Time off work when you are a carer
Last updated: 24/01/2020
Time off work to deal with a crisis affecting someone you care for
If you have people who depend on you for care you are entitled to take ‘reasonable’ time off work to deal with a crisis involving them. You are also entitled to time off for an event that you know of in advance if it is you specifically who is needed or where there is no one else who can help.
Dependants include your family or someone living with you as part of your family. It can also include people who rely on you for support.
Your employer does not have to pay you for this time off but may do depending on the terms of your contract. Dependants’ leave should not be considered as part of any sick leave you have taken but could lead to disciplinary action against you if it is not considered reasonable or it interferes with your ability to do your job.
Time off work if you have a child under 18
If you have been with your employer for at least a year you are entitled to 18 weeks off work to spend time with each child under the age of 18.
It differs from dependants’ leave in that it is only for your children and does not need to be used in a crisis.
Parental leave is usually taken in one-week blocks but may be taken one day at a time if your employer agrees or your child is entitled to disability living allowance or personal independence payments.

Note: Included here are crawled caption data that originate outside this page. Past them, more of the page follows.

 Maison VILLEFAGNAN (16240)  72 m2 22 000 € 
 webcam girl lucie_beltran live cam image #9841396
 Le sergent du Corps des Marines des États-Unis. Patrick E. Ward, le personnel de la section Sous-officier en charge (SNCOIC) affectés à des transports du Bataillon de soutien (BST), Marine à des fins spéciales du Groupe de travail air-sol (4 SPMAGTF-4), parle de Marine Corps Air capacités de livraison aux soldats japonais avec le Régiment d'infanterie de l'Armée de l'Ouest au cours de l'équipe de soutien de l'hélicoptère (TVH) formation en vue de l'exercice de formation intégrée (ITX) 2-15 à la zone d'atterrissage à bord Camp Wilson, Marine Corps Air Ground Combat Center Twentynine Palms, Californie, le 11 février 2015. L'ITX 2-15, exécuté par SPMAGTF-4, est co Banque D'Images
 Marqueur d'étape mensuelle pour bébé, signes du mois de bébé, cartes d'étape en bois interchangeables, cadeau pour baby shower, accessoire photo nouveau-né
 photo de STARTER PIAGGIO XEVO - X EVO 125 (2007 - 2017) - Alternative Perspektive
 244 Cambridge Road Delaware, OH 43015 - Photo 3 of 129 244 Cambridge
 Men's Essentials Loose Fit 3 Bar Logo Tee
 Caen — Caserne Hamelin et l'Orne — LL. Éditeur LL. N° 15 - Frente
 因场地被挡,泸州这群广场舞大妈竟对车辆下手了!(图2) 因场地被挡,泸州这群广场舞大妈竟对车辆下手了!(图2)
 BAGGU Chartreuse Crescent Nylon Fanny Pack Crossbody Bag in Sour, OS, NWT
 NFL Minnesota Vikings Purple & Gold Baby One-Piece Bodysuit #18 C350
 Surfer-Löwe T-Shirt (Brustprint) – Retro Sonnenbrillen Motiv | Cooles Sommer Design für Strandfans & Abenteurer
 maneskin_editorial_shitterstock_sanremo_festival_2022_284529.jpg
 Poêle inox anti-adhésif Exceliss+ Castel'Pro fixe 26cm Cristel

One week equals one of your normal working weeks, so if you only work three days per week you will be entitled to 18 × 3 days per child.
Your employer can insist that you take no more than four weeks per year and that you give 21 days’ notice.
Your employer can postpone your leave but only if they have a valid reason for doing so.
Note: ‘Parental leave’ is different to ‘shared parental leave’.
The rules regarding benefit entitlement and how they interact are complicated. If you are awarded employment and support allowance, personal independence payment or carer’s allowance, or your child is awarded disability living allowance, it will have an effect on your other benefit entitlement.
In most cases being awarded a disability benefit will entitle, or passport, you to extra support but in some cases, you may find no change, or a reduction, in what you receive.